109 La ressemblance avec Carl Orff, compositeur allemand ayant servi le régime nazi (Orff a notamment accepté d’écrire une œuvre pour les Jeux olympiques de Berlin en 1936), pourrait paraître un peu excessive. John Adams, comme la plupart des artistes américains est un démocrate. Néanmoins, ce qui le rapproche de Carl Orff, qui ne partageait pas les idées du nazisme, c’est sa position hétéronome dans le monde musical. Adams, comme Orff, renonce à l’autonomie et se met au service du pouvoir (politique et économique). Il a été par exemple le compositeur choisi pour écrire une œuvre, intitulée On the Transmigration of Souls pour orchestre et bande (2002), en mémoire des victimes des attentats du 11 septembre 2001.
110 Il suffit de comparer la date de leurs premières pièces répétitives et celle d’un début de reconnaissance : 1961 et 1964 pour Terry Riley, 1965 et 1967-69 pour Steve Reich, 1967 et 1974 pour Philip Glass (mais Glass avait déjà été reconnu auparavant avec son premier style), 1976 et 1980 pour John Adams, 1976 et 1979 pour Laurie Anderson.
111 La confusion des genres (populaire et savant) est célébrée par certains critiques comme Alex Ross : « À l’orée du XXIe siècle, la tentation d’opposer sempiternellement la musique classique à la culture populaire n’a plus de sens, ni intellectuellement ni émotionnellement.
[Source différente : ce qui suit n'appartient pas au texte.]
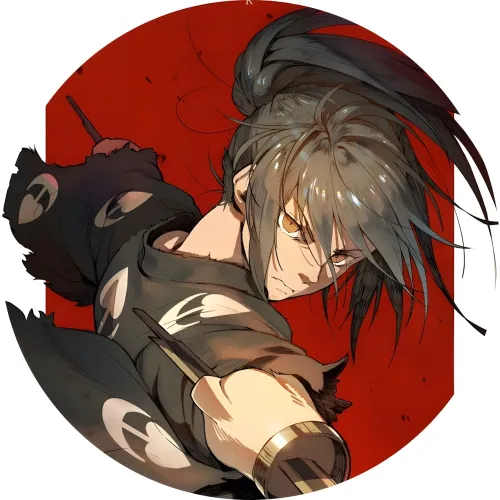 Значок Дороро - 16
Les jeunes compositeurs d’aujourd’hui ont grandi avec la musique pop et, alternativement, la convoquent ou la révoquent au gré de leurs nécessités créatives. Délaissant la tour d’ivoire de leurs aînés, ils se sont rapprochés de la rue et de son vacarme. (…) Il y a fort à parier que la musique du XXIe siècle débouchera sur une forme d’osmose, dans laquelle les artistes pop et les compositeurs les plus ouverts finiront par parler la même langue » (Ross, 2007, p. 713). Confusion qui sera réalisée si les compositeurs du XXIe siècle se conforment aux règles de l’ordre musical dominant (la tonalité) : une résignation présentée ici comme une « ouverture ».
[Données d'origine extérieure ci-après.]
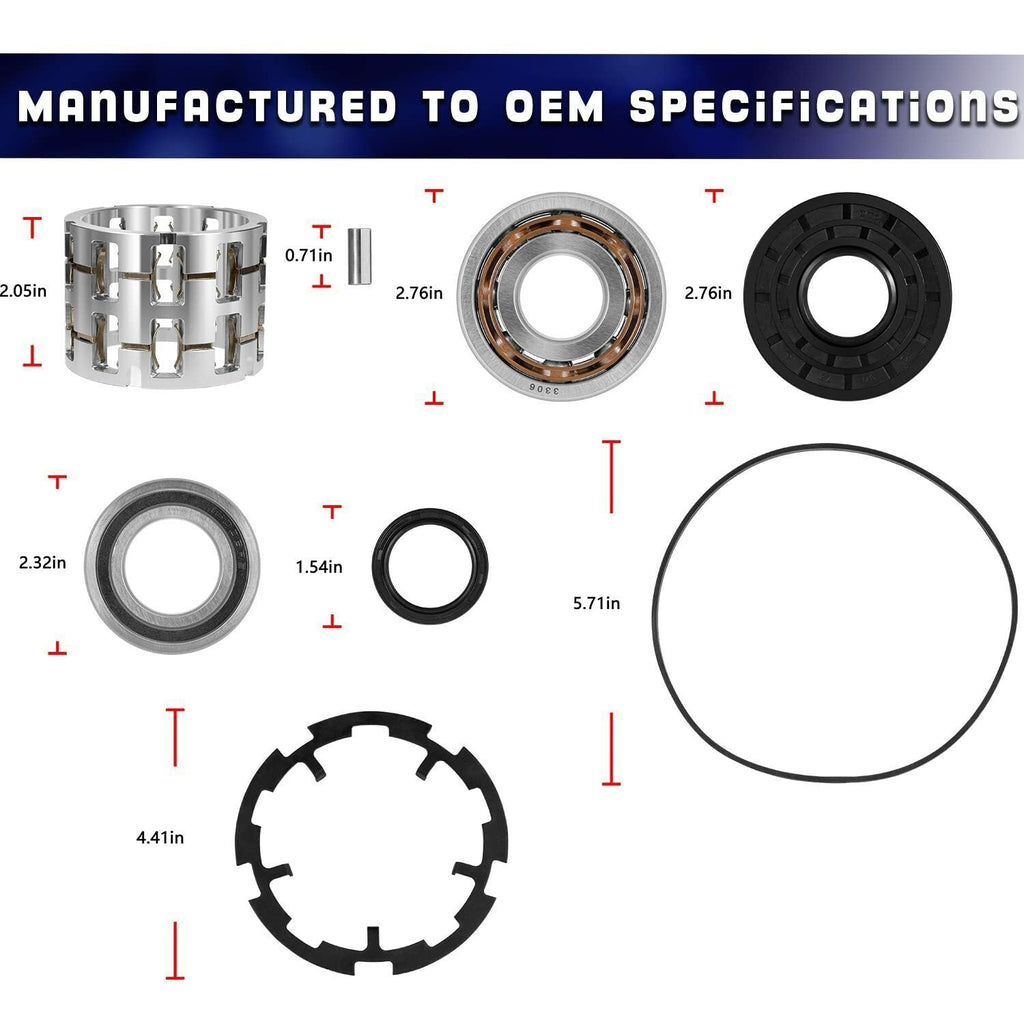 For Polaris Front Diff Rebuild Kit Sprague Armature Plate Ranger RZR 570 800 900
112 Cf. Tom Johnson, « Minimalism in Music : in search of a Definition », Introduction pour le catalogue de l’exposition Musica Silenciosa (Madrid), 2001. Pour Johnson, les pionniers du minimalisme sont Maryanne Amacher, Robert Ashley, David Behrman, Harold Budd, Joel Chadabe, Philip Corner, Alvin Curran, Jon Gibson, Daniel Goode, William Hellermann, Terry Jennings, Garrett List, Annea Lockwood, Alvin Lucier, Jackson MacLow, Meredith Monk, Charlie Morrow, Gordon Mumma, Max Neuhaus, Phill Niblock, Pauline Oliveros, Frederick Rzewski, Steve Scott, Richard Teitelbaum, Ivan Tcherepnin, Yoshi Wada, La Monte Young.
113 Le néolibéralisme a réussi à imposer l’idée que le capitalisme est le seul système économique viable (cf. Accardo, 2003). De même, dans le monde de la musique, le langage tonal s’impose pour beaucoup comme l’horizon musical indépassable de notre temps.